Country
Czechia
Job Family
Technology
At GfK, we are on a mission to drive sustainable growth for our people, our clients, and the world around us. We combine prescriptive insights and consulting expertise to analyze, explain and predict what is happening in today’s fast-changing world.
Our employees, the shapers of tomorrow, are empowered to bring new bold ideas to life by connecting unique datasets, science, and digital research. We encourage innovation and offer global career and fast development opportunities. This is why the world’s largest companies and leading brands know GfK as their trusted partner.
Job Description
Responsibilities
- Architect, design, and implement data processing pipelines from scratch
- Maintain existing data processing pipelines and data science products running in production
- Be able to decide and then work on which problems to solve with scale-up and which ones to tackle with scale-out approaches and how to combine them in data pipelines
- Should have a deep understanding of the impacts associated with batch vs. (near) real-time processing
- Manage and collaborate with Data Scientists / Statisticians for building and making production ready configurable products for internal and external client projects and work streams
- Support Data Scientists in coming up with quick machine learning models in proof-of-concepts and prototypes by providing infrastructural support and necessary technical guidance
- Be responsible to integrate partial solutions and RnD results into production-ready, scalable and configurable data pipelines
- Create and improve existing methodologies and tooling and contribute to best practices in the area of Data Engineering
- Advise on data transformation workflow designs and optimizations on the dimensions of cost, performance and delivery mechanisms / streams / increments / etc.
- Should have and present when needed an economic view on questions of operability of crafted data pipelines with respect to (but not only limited to)
- Maintenance of data integrity in cases of reprocessing
- Understanding of whether or how (internal or external) customer data deliveries are affected by changes to the software
- Should have an awareness of data design patterns in the organization and best practices followed in general in software development
- Be responsible for Designing Quality Control/Validation processes / Quality Gates
- Regularly participate in Communities of Practice
- Present GfK’s Data Engineering capabilities at conferences and workshops
- Support development of talent and organization of required trainings
Qualifications
- Solid understanding and also practical experience of Big Data Architectures and Big Data environments (e.g., Cloudera Hadoop, Hortonworks Data Platform, Map/Reduce, Hive)
- Expert knowledge in cloud infrastructure services (preferably AWS)
- Solid skills with regard to performance optimization and scalability (e.g., parallelization, code optimization, containerization, function as a service)
- Expert knowledge of programming languages (especially Python, Java, Scala), analytic languages such as R along with its respective ecosystem like R-Studio Server.
- Expert knowledge of scalable distributed engines such as Spark
- Expert knowledge of terraform for maintaining the Infrastructure as a Code
- Expert knowledge of orchestration tools (e.g.

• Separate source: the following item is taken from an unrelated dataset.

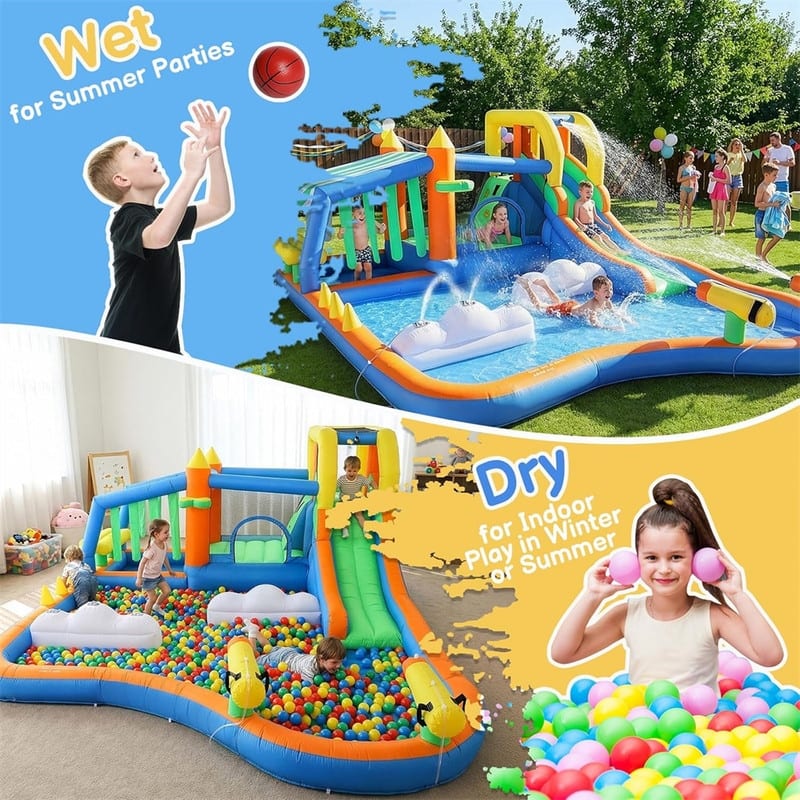 11-In-1 Inflatable Bounce House With Water Slide, Kiosk Theme Water Park For Kids Backyard, 750W Blower Included - N/A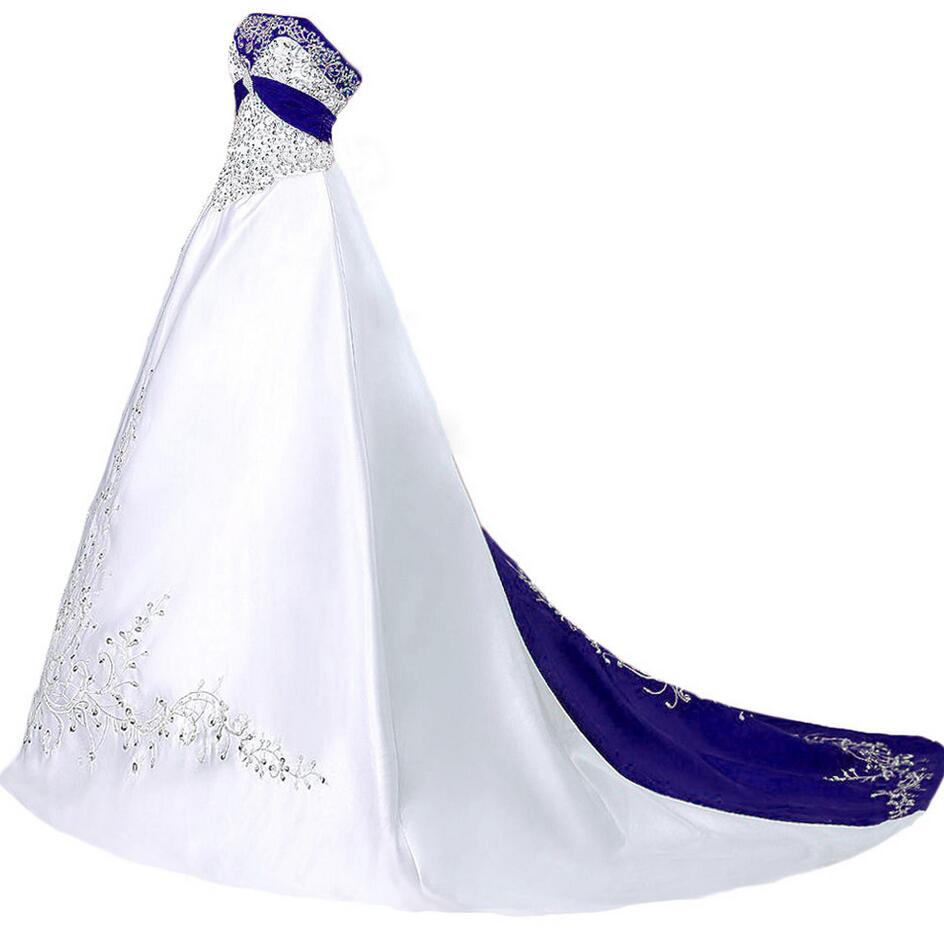 Straplessroyal Blue Wedding Dresses,bridal Dresses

Airflow) setup, configuration and usage
- Experience in setting up of logging and monitoring frameworks for existing and new products and pipelines
- Solid skills is usage of git and setting up of CI/CD pipelines using GitLab for e.g.
- Should have practical experience of software development best practices like TDD, pair-programming
- Expert skills with regard to database handling, in particular SQL, NoSQL
- Good knowledge of different data design patterns, data lake architecture, data modelling, schema evolution etc.
- Expert knowledge of optimization and / or machine learning algorithms and / or deep learning algorithms
- Domain knowledge of Media Measurement in the context of TV, Radio and Internet will be preferred
- Should have worked in an agile environment
- Should be able to translate and clearly communicate sophisticated analytical information to none-expert stakeholders and clients
- Proven project management skills
- Proven client facing skills
- Ability to fluidly communicate in an English business environment
- Master degree that reflects strong IT / Big Data / computer science knowledge.
- Typically 5+ years of work experience in an industry having the above technologies
Don't meet every single requirement? Some people are less likely to apply unless they meet all the requirements listed in a job specification. GfK is looking for self-starters to join our innovative team keen to take on a new challenge. So, if you're excited about this role but your skills and experience don't align perfectly with every requirement we've listed, we still encourage you to apply. You may be just the right candidate for this or other roles.
We are an ethical and honest company that is wholly committed to its clients and employees. We are proud to be an inclusive workplace for all and are committed to equal opportunity in employment which focuses on all of our employees reaching their full potential. We are looking forward to meeting you!